*Directions:* Omit all images, then repeat exactly the lines below from the one containing "White Chunky Platform Sneakers" through the one containing "Wedding reception sweets table", both ends included.

*Data shown:*
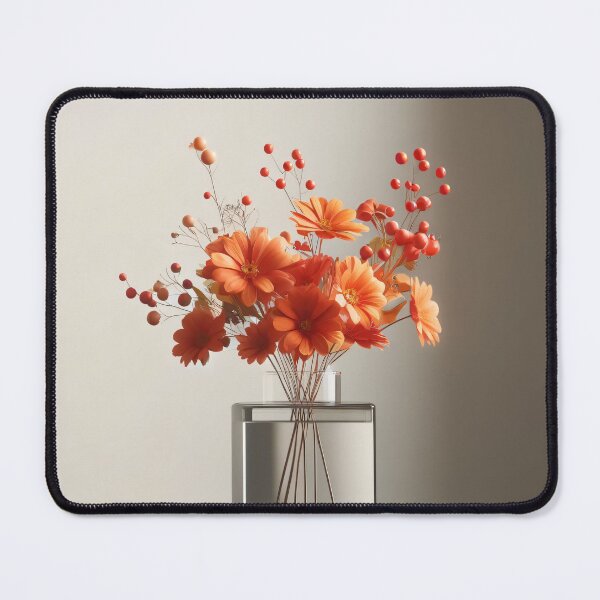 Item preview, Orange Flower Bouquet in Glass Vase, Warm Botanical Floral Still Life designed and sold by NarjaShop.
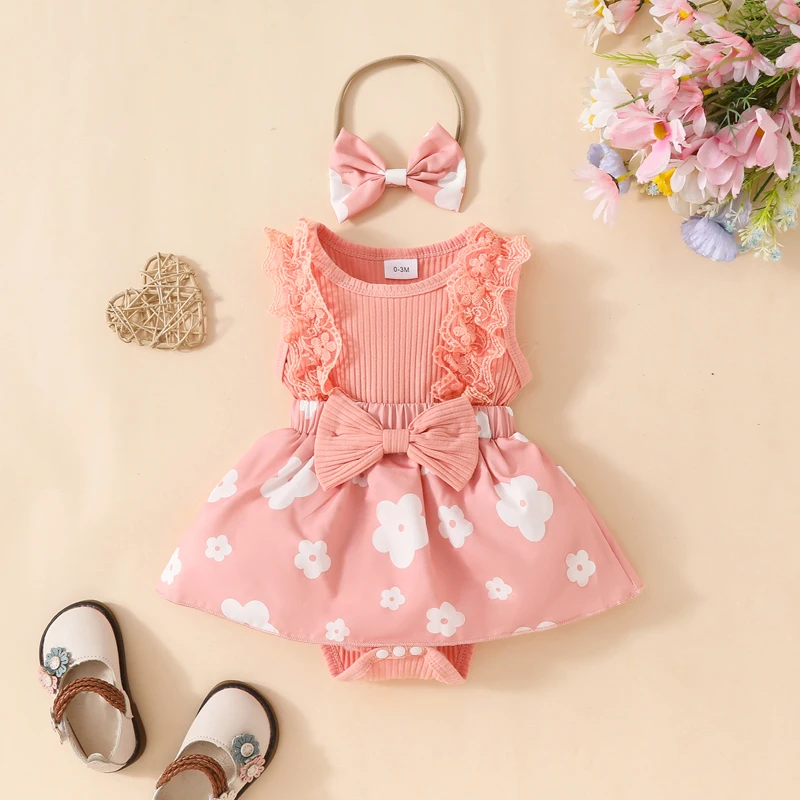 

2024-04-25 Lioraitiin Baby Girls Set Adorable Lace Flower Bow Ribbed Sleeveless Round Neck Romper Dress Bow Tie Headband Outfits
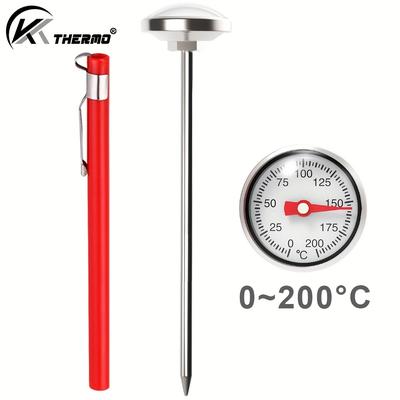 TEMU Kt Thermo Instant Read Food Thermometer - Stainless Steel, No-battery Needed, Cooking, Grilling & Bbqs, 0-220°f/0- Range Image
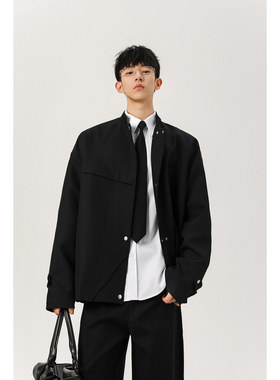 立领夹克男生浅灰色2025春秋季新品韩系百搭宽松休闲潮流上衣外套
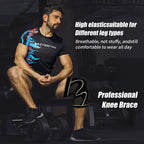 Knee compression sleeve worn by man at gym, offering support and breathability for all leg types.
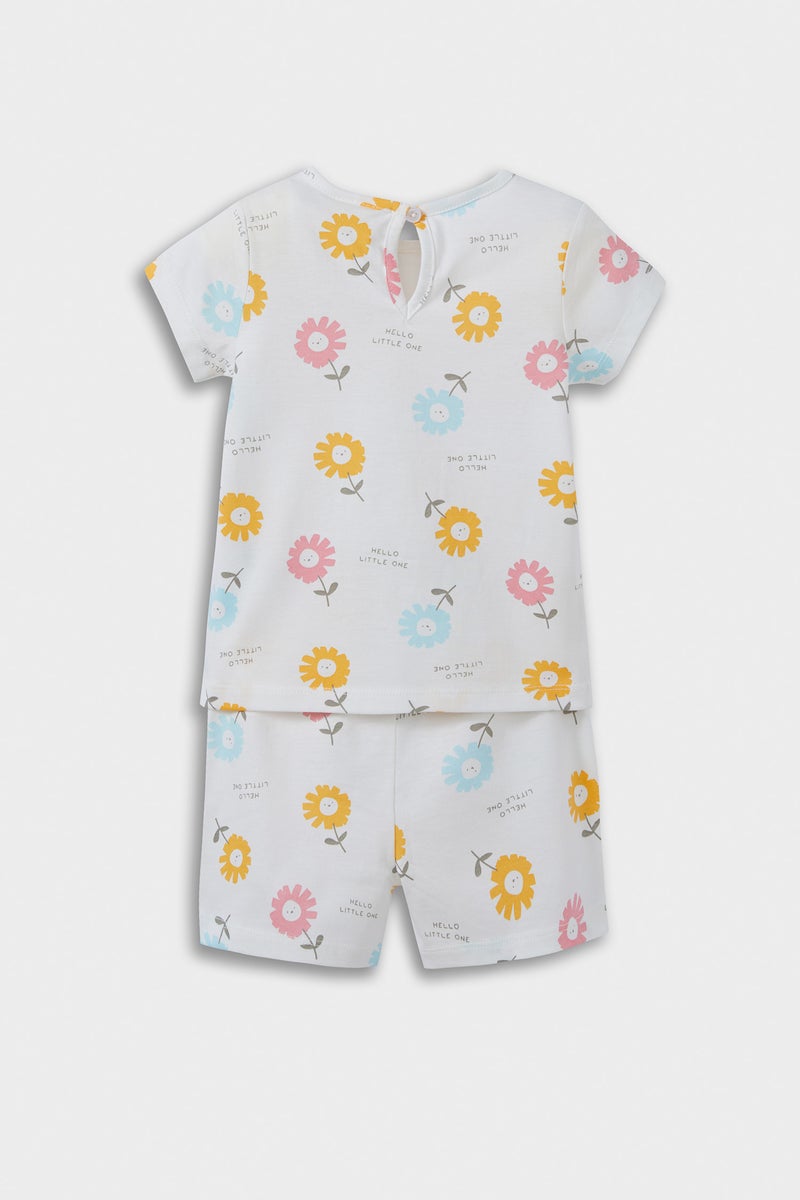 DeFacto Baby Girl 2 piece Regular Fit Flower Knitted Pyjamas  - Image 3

---

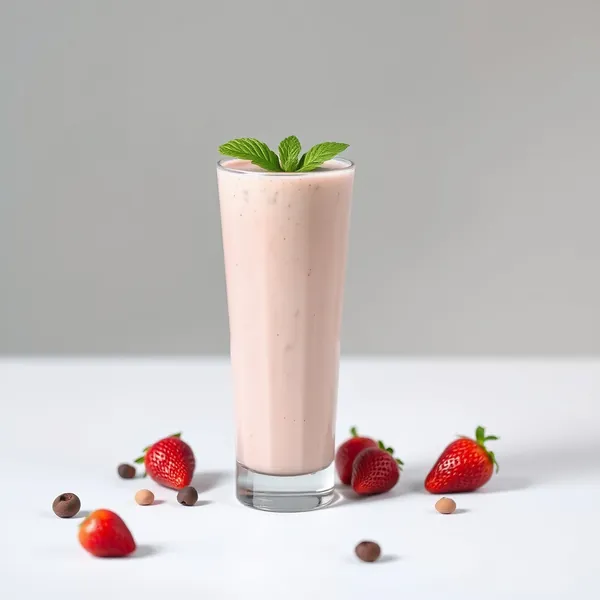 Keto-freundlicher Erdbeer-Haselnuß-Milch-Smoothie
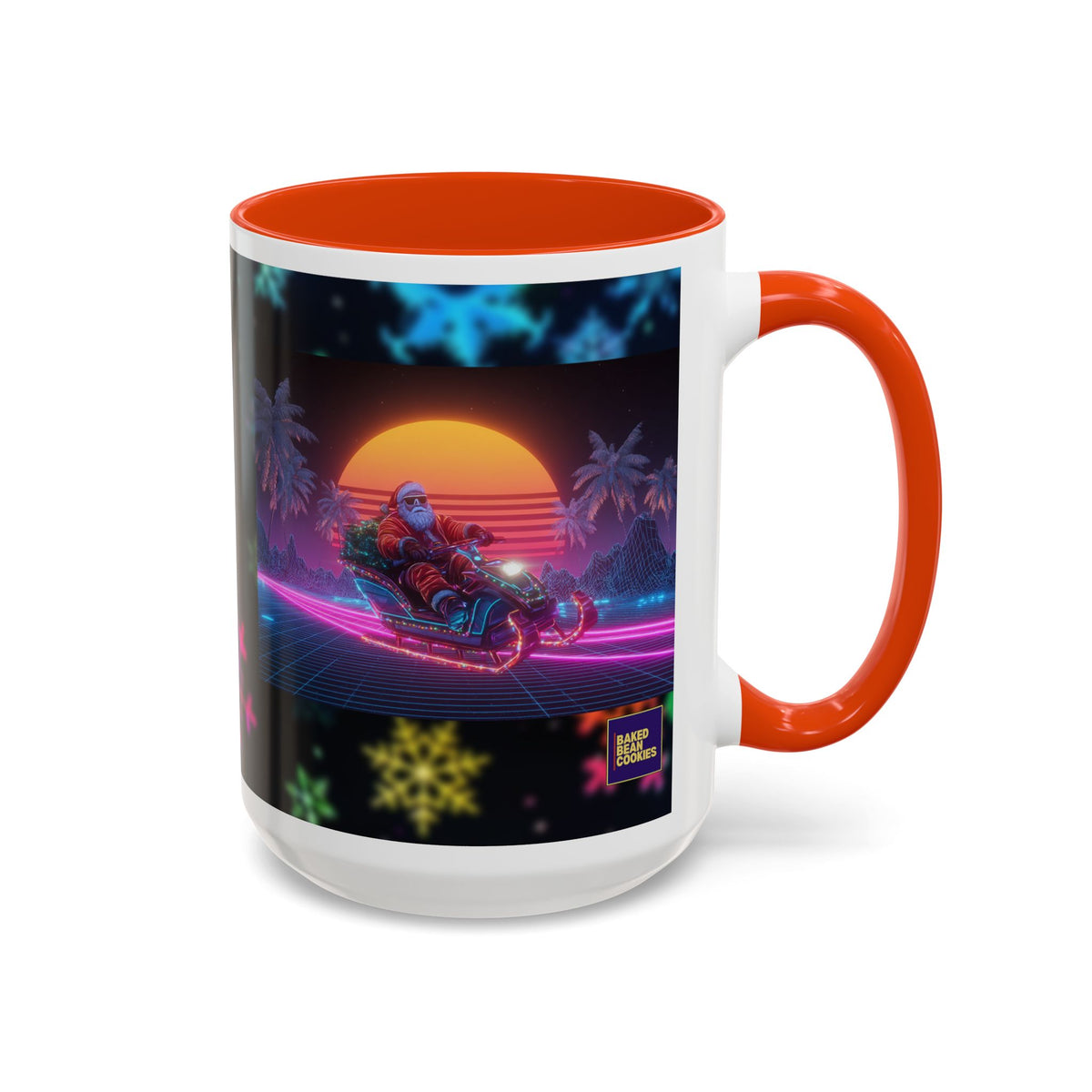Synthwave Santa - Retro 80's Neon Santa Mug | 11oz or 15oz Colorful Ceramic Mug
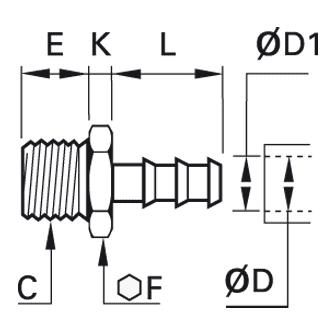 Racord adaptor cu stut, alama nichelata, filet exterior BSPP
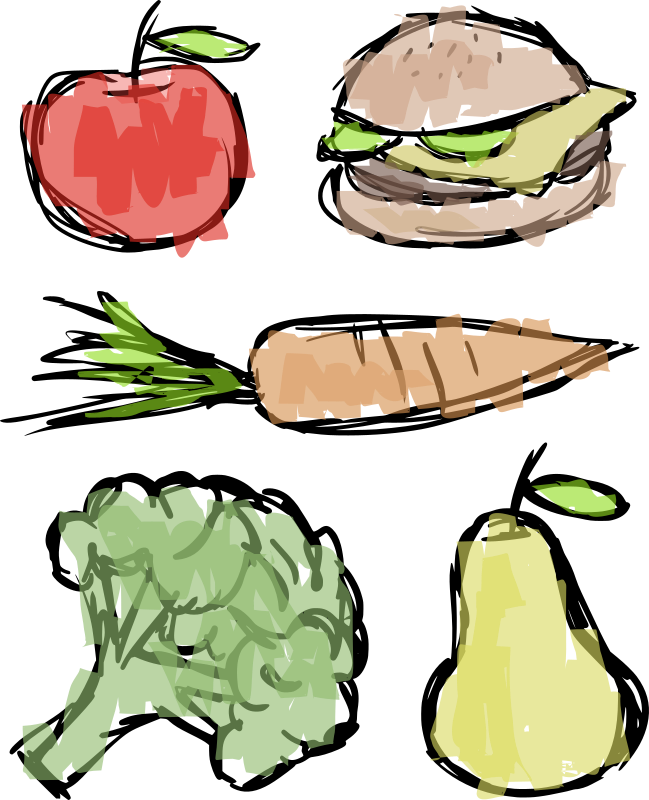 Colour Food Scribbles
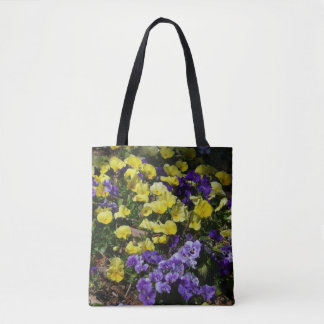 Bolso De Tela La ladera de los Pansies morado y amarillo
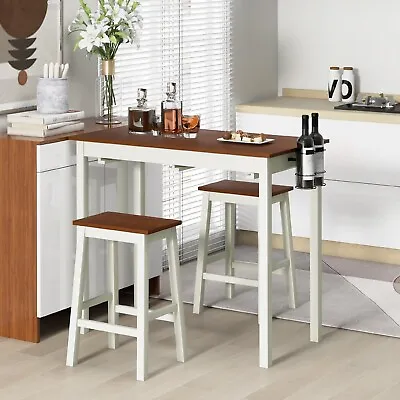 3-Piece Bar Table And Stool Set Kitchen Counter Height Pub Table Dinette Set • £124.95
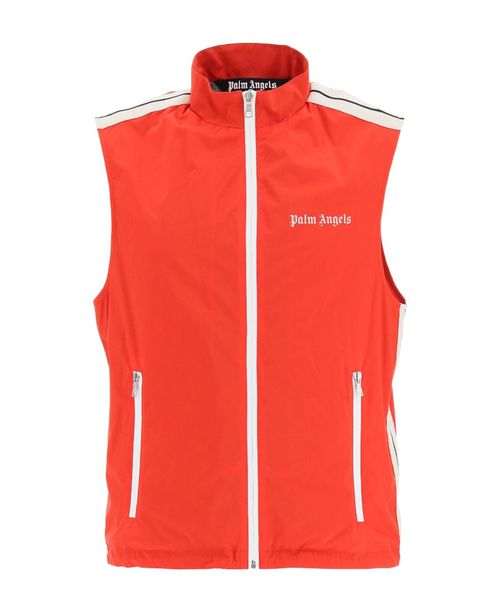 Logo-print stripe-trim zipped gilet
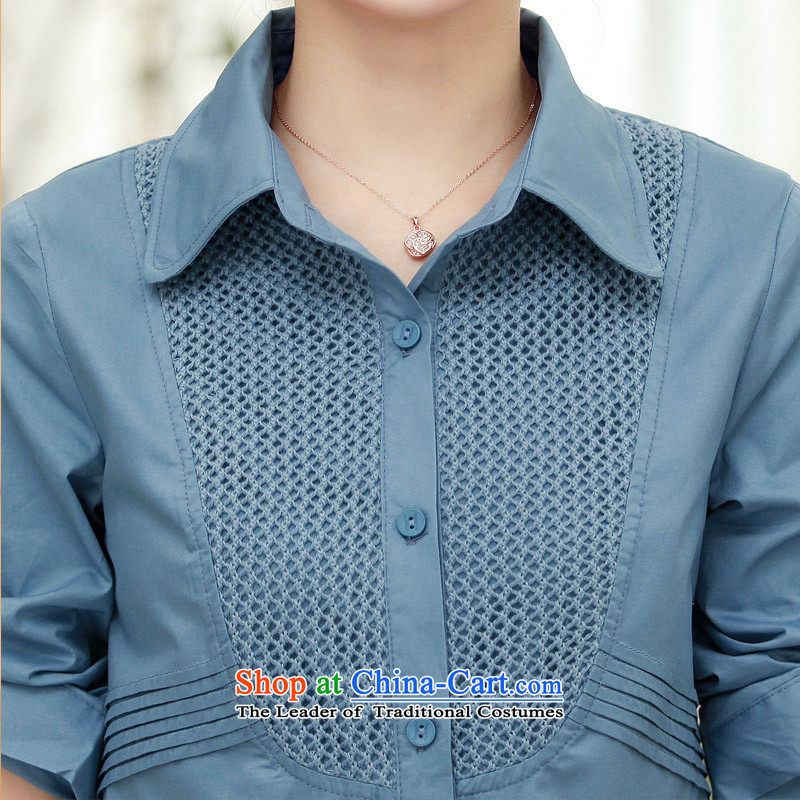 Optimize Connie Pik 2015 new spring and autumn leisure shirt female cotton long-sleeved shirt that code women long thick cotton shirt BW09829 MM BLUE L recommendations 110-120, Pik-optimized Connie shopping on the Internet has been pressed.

---

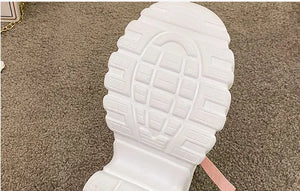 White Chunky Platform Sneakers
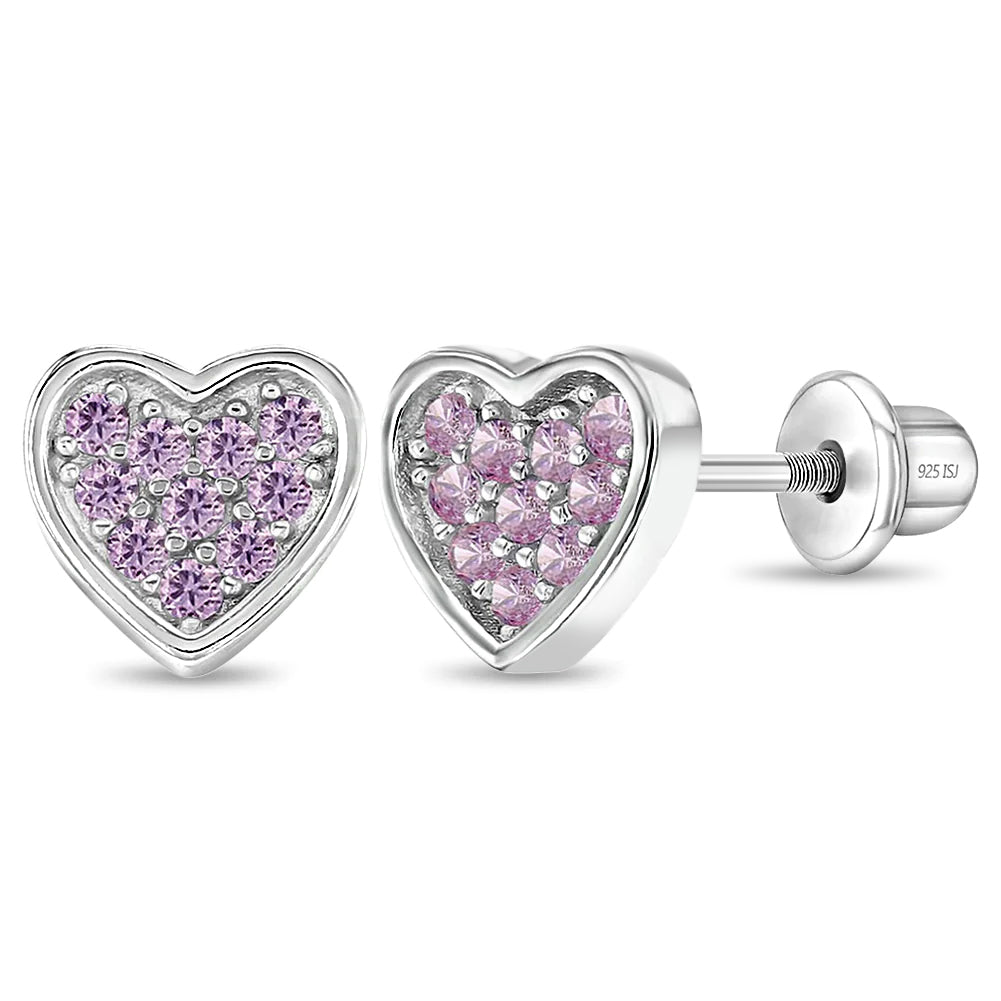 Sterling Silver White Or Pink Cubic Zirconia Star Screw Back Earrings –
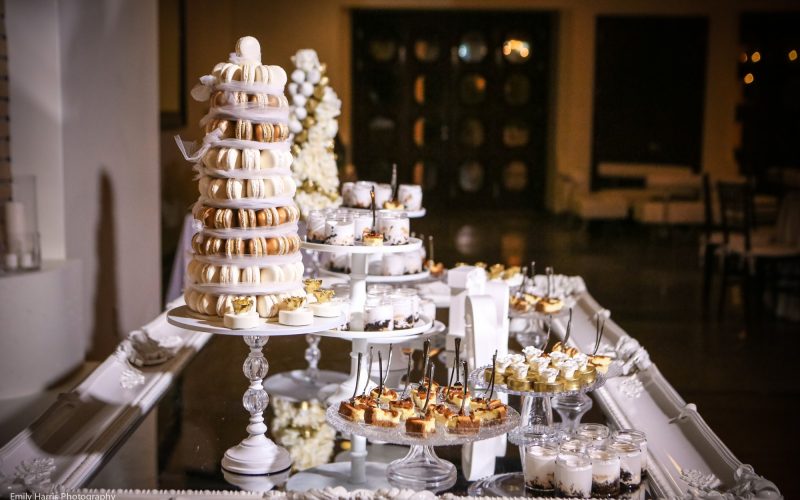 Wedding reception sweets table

*Reply:*
 White Chunky Platform Sneakers
 Sterling Silver White Or Pink Cubic Zirconia Star Screw Back Earrings –
 Wedding reception sweets table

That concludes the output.